Your coming to Port Hope sonn aren't you?? The Gannie? I`d like to come and jam, if thats possible. Lee Batchelor sits in with you sometimes on keys. He used to be in our band, but, lets just say he talked his way out!!! you`ll know what I mean.

CT.


----------



## dodgechargerfan

I use a Zoom 707 II for fun and like mentioned above, I play at pretty low volumes in the house, so the gain helps shape the sound a lot...

My favourite setting is "fatclean". I get a nice SRV sound out of that.

I haven't really spent the time to figure out all of the features. I just stomp my way through the different settings and have fun..
Everything is tweakable and you can build your own effects chains and store them as well as grab samples and work them in.. but I haven't figured it all out yet.


----------



## iggs

I used to go guitar>cable>amp and no fx, even my tuner got fed from the line-out ... but then I needed more then 2 sounds with my new band and started getting more and more pedals. I always hated pedals, especialy od/dist ones, always thought they sounded like ass compared to amp distortion, that's until I got some really good ones and turned 180 degrees ... now I have 12 pedals and love it, switched for a cleaner, single channel amp as well. Never say never ...


----------



## 55 Jr

For the most part I use effects.


Nothing too wild:












However I can play all night with just this:











Best regards,

Brian


----------



## Milkman

As usual I take a different approach (always contrary).

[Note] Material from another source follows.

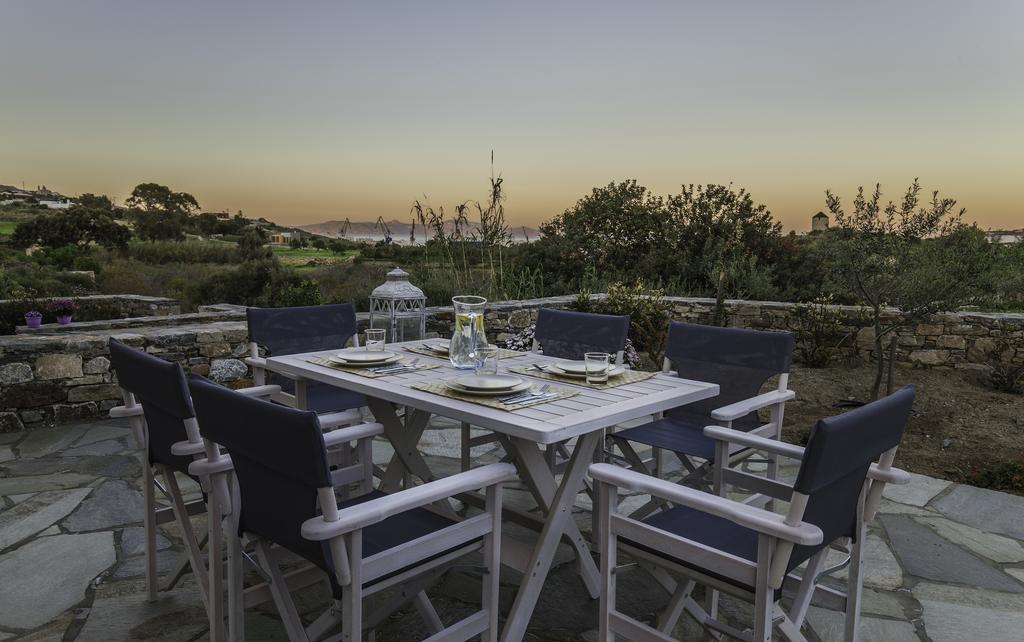 Avrofilito Syros Appartement Ermoupoli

I use a guitar system which is in my opinion integral to the PA.

I run a Vox Tonelab SE direct to PA. If a sound I'm seeking has effects I find what I want and program it to the patch.


My amp is generally around 8000 watts, and 1600 watts foldback LOL.


----------



## PaulS

I use a SD-1 modded to 808 specs, a homemade katana boost style pedal, a trem pedal as my amp has none, a homemade wah and a deja vibe. Oh and 1 more occasionally a ross clone compressor,


----------



## Milkman

I don't use a lot of effects, but I like to have everything possible available to me.

For more than a year I've been using a Vox Tonelab SE straight into the PA. I just sold it and have bought a Digitech GNX3000 to replace it.

The effects are quite simply amazing. You can get lost in them.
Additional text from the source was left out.